Tamarack Valley commissions Wembley gas plant in Alberta

July 27, 2023
Tamarack Valley Energy Ltd., Calgary, completed construction and commissioning of its owned and operated 15 MMcfd Wembley gas plant, which will process associated natural gas from the operator’s Charlie Lake play in Alberta.

Tamarack Valley Energy Ltd., Calgary, completed construction and commissioning of its owned and operated 15 MMcfd Wembley gas plant, which will process associated natural gas from the operator’s Charlie Lake play in Alberta. The plant, which is expandable to 30 MMcfd, was brought onstream June 9, the company said in a July 27 earnings release.

The company also agreed to sell a 49.9% stake in the sweet natural gas processing plant, in addition to gross overriding royalty interests in the Clearwater and Charlie Lake operating areas including 17,000 gross undeveloped acres to Calgary-based Topaz Energy Corp. for $39.5 million (Can.). Following closing of the sale, Tamarack will continue to operate the gas plant and will retain full access to 100% of the capacity, the company said.
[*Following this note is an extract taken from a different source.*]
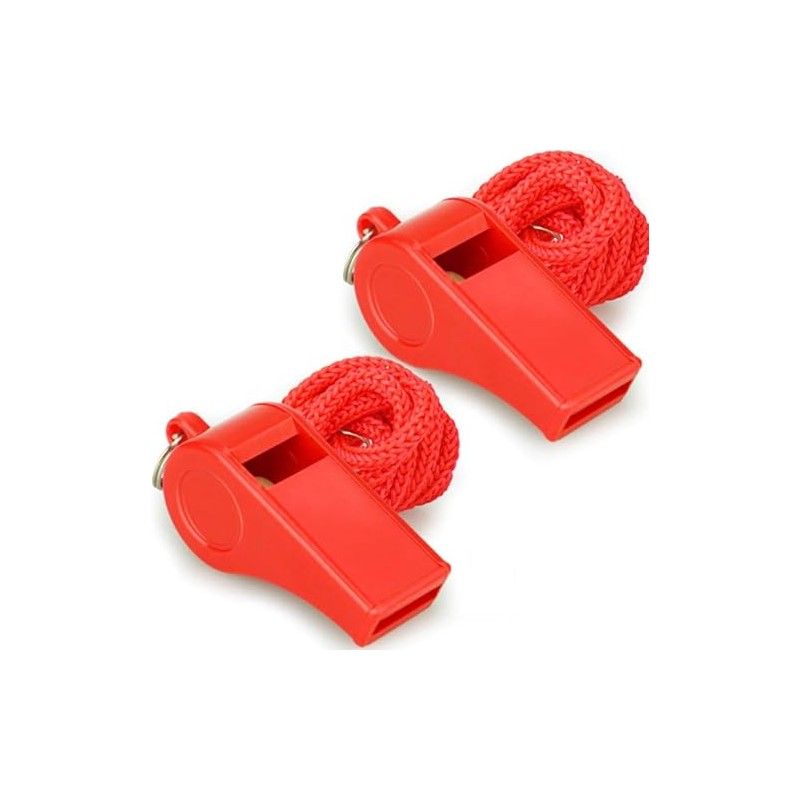 Timotech Set de 2 Silbatos Deportivos de Plástico con Cordón,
Activity in Charlie Lake resulted in drilling of five net wells and completion of eight net wells with six net wells coming on stream during the quarter. Production averaged 15,000 boe/d, representing 22% of the total corporate production for the quarter.

The five wells are flowing through the Wembley plant with initial rates averaging 800-900 b/d of oil per well. Charlie Lake rates are expected to remain stable in the 16,000-17,000 boe/d range. The company expects to begin drilling one well (0.5 net) in August and continue in late September with three net operated wells planned for this year’s fourth quarter.
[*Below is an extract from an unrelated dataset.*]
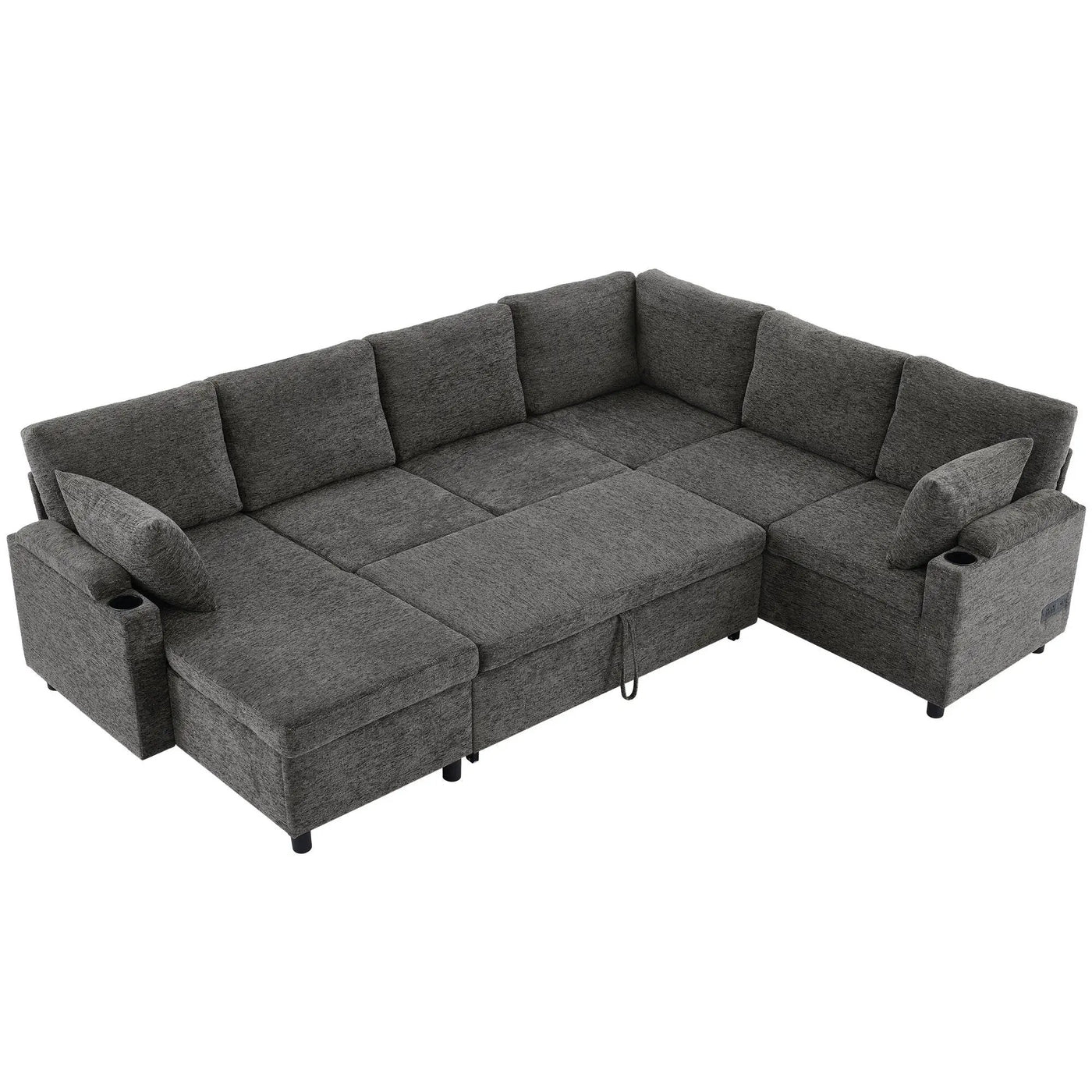 U-Shaped Sectional Sleeper Sofa With Ample Storage Space, 2 Cup Holders And Charging Ports For Living Room by HouseOfZazla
Clearwater production averaged 37,800 boe/d in the quarter, representing 57% of corporate production. During the quarter, Tamarak drilled and brought onstream 19 net and 22 net wells, respectively. The company drilled two net injector wells. Tamarack currently has six rigs running (three at Nipisi/West Marten Hills, two at Marten Hills, and one at Southern Clearwater).

Overall, the company had quarterly volumes of 66,738 boe/d, a 52% year-over-year increase (21% on a per share basis). The development program was partially offset by a loss of 1,500 boe/d due to direct and indirect impacts of the Alberta wildfires and unplanned third-party outages. Production impacts were largely restored prior to June 30, with second-half production levels expected to average 68,000-70,000 boe/d.

Full year production guidance is maintained at 67,000-71,000 boe/d.

The company invested $117.8 million in the quarter, including drilling, completion, and equipping of 19 net Clearwater wells and five net Charlie Lake wells.

The company's capital budget for the year remains unchanged at $425-475 million (Can.)